[Date Prev][Date Next][Thread Prev][Thread Next][Date Index][Thread Index]

Re: IDL and Beowolf ?



On Mon, 23 Jul 2001, Steve Smith<steven_smith> wrote:

> On Mon, 23 Jul 2001 16:08:32 GMT, dmarshall@ivory.trentu.ca
> <dmarshall@ivory.trentu.ca> wrote:
> >I just finished reading The Do-It-Yourself Supercomputer by William W.
> >Hargrove, Forrest M. Hoffman and Thomas Sterling in this months Scientific
> >American
> >http://www.sciam.com/2001/0801issue/0801hargrove.html
> >And wondered if anyone had any thoughts/experience with running IDL
> >applications on such a cluster.
> >
> >Dave.
>
> I inquired about this with RSI few years ago: the answer I got was that
> since IDL is an interpretive language, it could not be parallelized. As
> I'm sure you've learned by your reading, the key to using distributed
> computing is that your job must be cast in such a way that it can be
> parallelized. I'm not guru, but that is what I was told by RSI, FYI!

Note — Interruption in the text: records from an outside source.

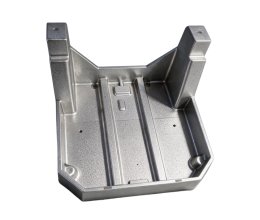 Aluminum alloy die-cast miniature CNC machine parts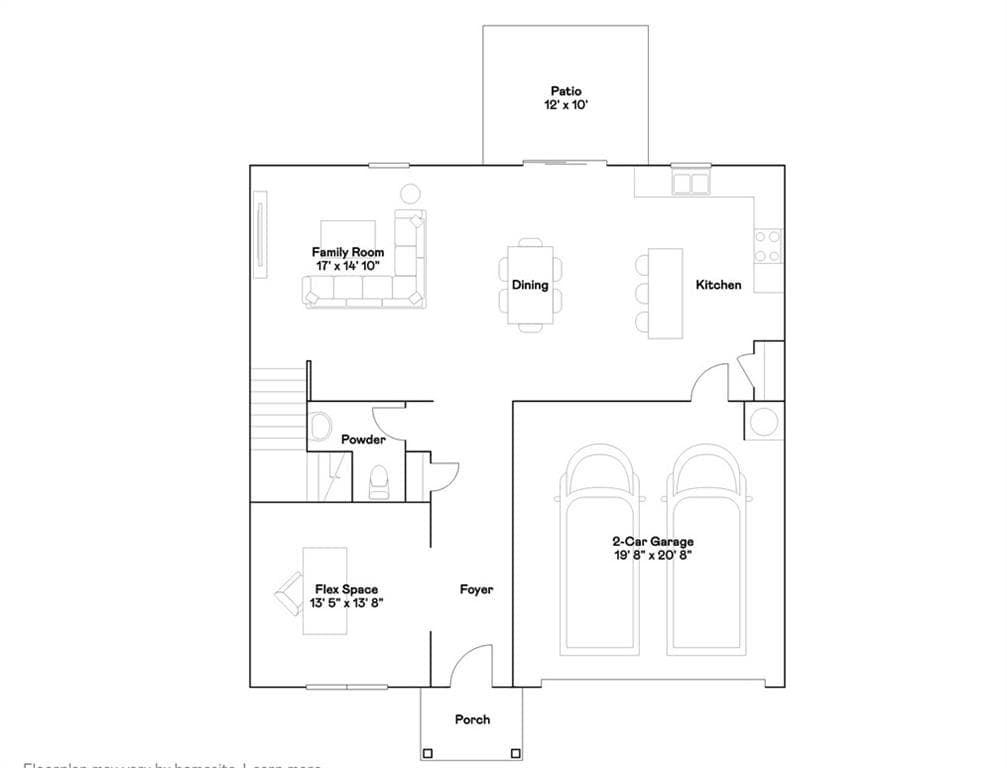 4 bedroom, 4 bathroom, 2,522 sq ft single family residence for rent at 2084 Pecan Drive, Douglasville, GA 30135 for $2,880 a month — photo 3
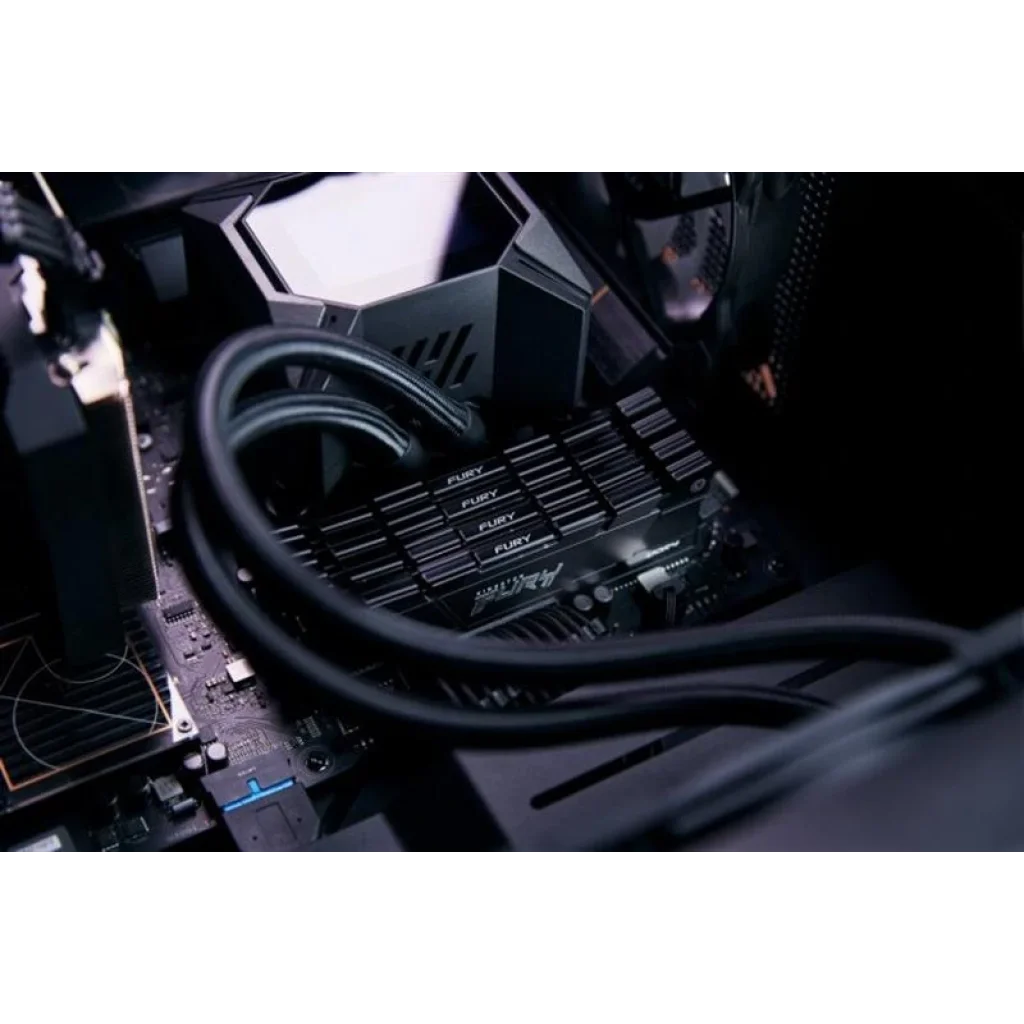 Модуль памяти DDR4 2x8GB/3600 Kingston Fury Renegade Black (KF436C16RB2K2/16) UA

My experience has been that data sets are expanding in size even more
rapidly than CPU speed, so RSI needs to looking for approaches that help
with larger data sets. Data flow is probably more critical than having
lots of CPUS doing f.p. math.

IDL and Matlab face similar issues for parallelization, so the following
may provide some insight:

http://www.mathworks.com/company/newsletter/pdf/spr95cleve.pdf "Why there
isn't a parallel matlab"

but then see:
http://www.rtexpress.com/ "We have a parallel matlab"

There are many different parallel system designs, so no single approach
will be effective for all machines.  For linear algebra, the BLAS
provide a useful set of functions that can be provided via libraries
that have been written to support particular hardware.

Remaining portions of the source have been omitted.